Так и получилось, что в строю оставался только Галё, но и он хромает на обе ноги. Способен принести дрова и растопить печь, прибрать за лошадьми, вывести их погулять. Но воду уже не может принести. Может, он санки и довезёт, но набрать воду из источника хромому не получится.
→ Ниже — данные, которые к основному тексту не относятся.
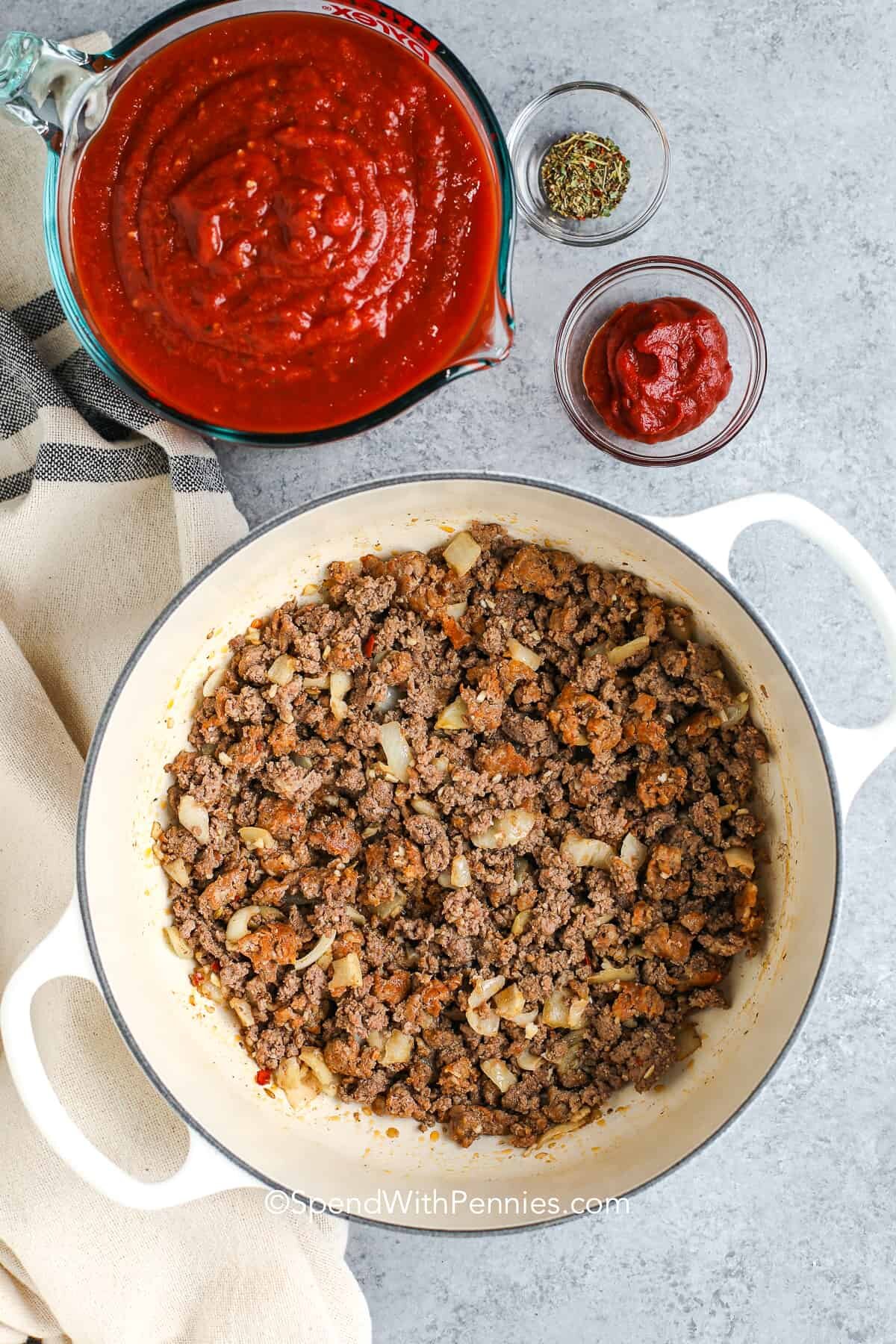 a pot of cooked meat and a bowl of pasta sauce for lasagna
Пришлось вводить жёсткую экономию на использование воды. Галё попробовал топить снег – так у них делали. Но в округе снег весь уже потоптан. А какой остался лежать целым пластом – в том куча травинок и другого мусора, который замучаешься убирать. Разве что, отдать скотине, что они и сделали. То есть, Михаил поручили Галё. Сам же вождь и Великий шаман пребывал в мутном состоянии между сном и бодрствованием. Смертельно хотелось спать, но долгое нахождение без сна и сильная усталость, наоборот, мешали уснуть. Пришлось обращаться к заведующей аптекой. Только она помнила, какие лекарства и травы от чего.
– Оль, у тебя снотворное есть? – У выпадающего из реальности мужчины уже заплетался язык. – Вырубаюсь, а никак уснуть не могу... И эта... Морозит что-то.
Михаил действительно надел зимний комплект, выданный на работе: утеплённые штаны, куртку, шапку, шубенки, но его продолжало колотить. Ольга пощупала лоб. Она ожидала, что у мужа жар. Но лоб был ледяной, как (тьфу-тьфу) у покойника. Она обеспокоенно перебрала таблетки.
– Так, нет... Ничего давать не буду. Это просто усталость. Помнишь, как тогда, по Питеру долго ходили?
– Такое забудешь.
У них тогда было двое суток, чтобы посмотреть всё, что возможно. Другого шанса побывать в Северной Пальмире может не выпасть. И они вдвоём почти всё это время оставались на ногах. Отмотали десятки километров. Воспоминаний и фоток – выше крыши. Но на обратном пути Михаил провалялся в вагоне таком же коматозном состоянии.
– Поэтому мой рецепт: иди, налей сто грамм. Сразу вырубит.
А действительно, после выпивки Михаила всегда клонило в сон, в отличие от других, кого алкоголь возбуждал.
– О! А я и забыл. Дал себе слово, что пить не буду. Вот и не пью.
Михаил направился к люку в подвал.
– Стой!
– Чего?
– Чего-чего...
Ольга вышла на кухню, добрела до буфета и вернулась с ключиком.
– Держи.
Михаил удивлённо посмотрел на железку.
– Ты что, бутылки поставила в тот ящик из-под инструмента?
Как-то так вышло, что для всех праздников выпивку доставала жена, а глава семейства оставался в неведении. Оказывается, горючее закрыли в старом железном ящике, снятом дедом с какого-то корабля. Что там хранилось – сейчас не узнать, а Михаил держал инструменты, пока не разжился красивым пластиковым кейсом. Старый и побитый, но всё ещё не заржавевший ящик перебрался в подвал.